Input data>
+===+

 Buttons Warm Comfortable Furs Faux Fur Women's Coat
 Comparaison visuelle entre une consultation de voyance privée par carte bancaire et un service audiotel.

+===+

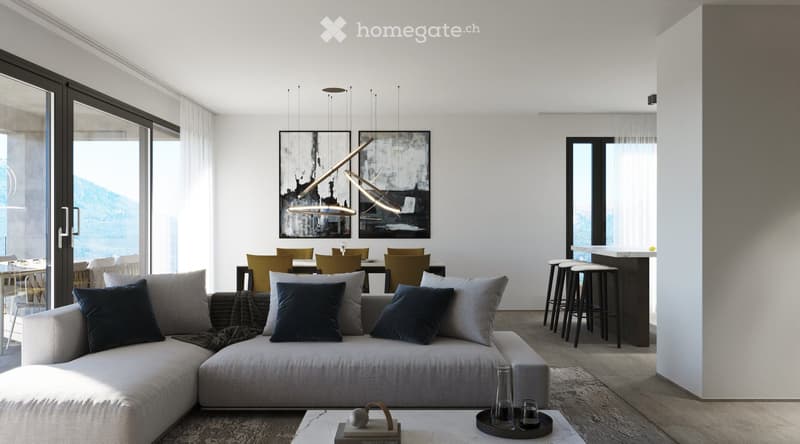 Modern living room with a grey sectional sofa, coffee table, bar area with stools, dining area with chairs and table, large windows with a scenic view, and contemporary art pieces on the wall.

+===+

Aim of the exercise> Could you set down, word for word, only the lines above from the line with "Buttons Warm Comfortable" to the line with "Comparaison visuelle entre", including both?

Your response>
 Buttons Warm Comfortable Furs Faux Fur Women's Coat
 Comparaison visuelle entre une consultation de voyance privée par carte bancaire et un service audiotel.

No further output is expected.